* [Problem to solve]:
Below is a listing with pictures in it; transcribe exactly the lines from the one that has "Egyptian Plover" through the one that has "AOUTF Minecraft avatar head, 3D render", and omit those pictures.

* [Entries provided]:
◆ ◆ ◆

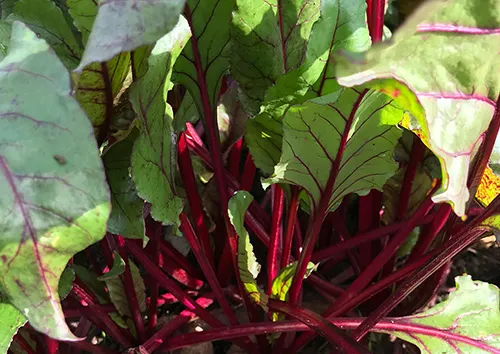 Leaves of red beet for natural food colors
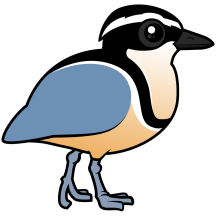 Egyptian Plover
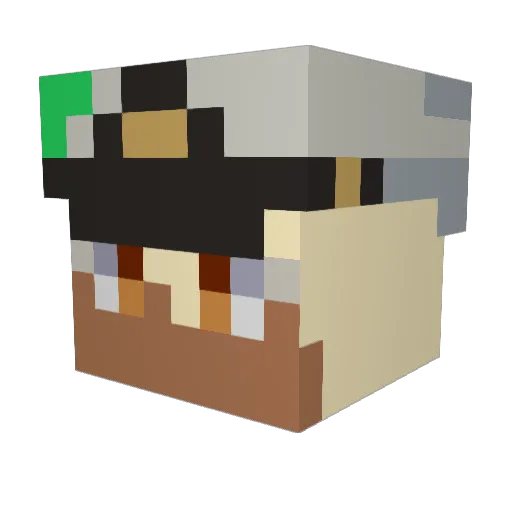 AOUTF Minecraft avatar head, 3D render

◆ ◆ ◆

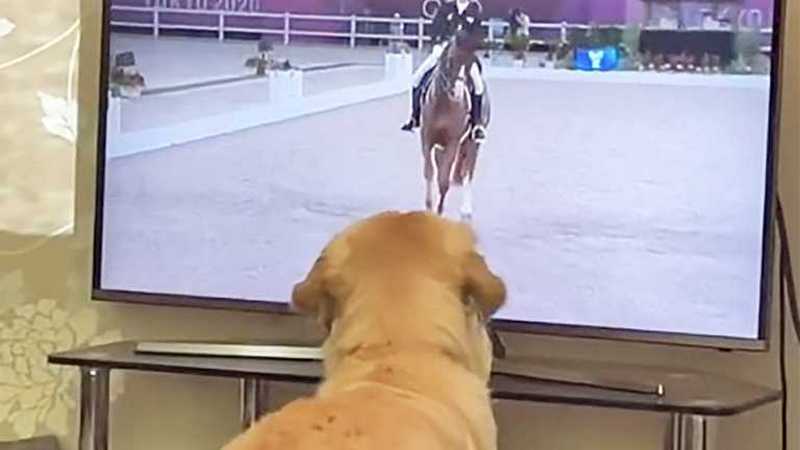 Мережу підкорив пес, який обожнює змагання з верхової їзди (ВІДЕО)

◆ ◆ ◆

* [Result of the task]:
 Egyptian Plover
 AOUTF Minecraft avatar head, 3D render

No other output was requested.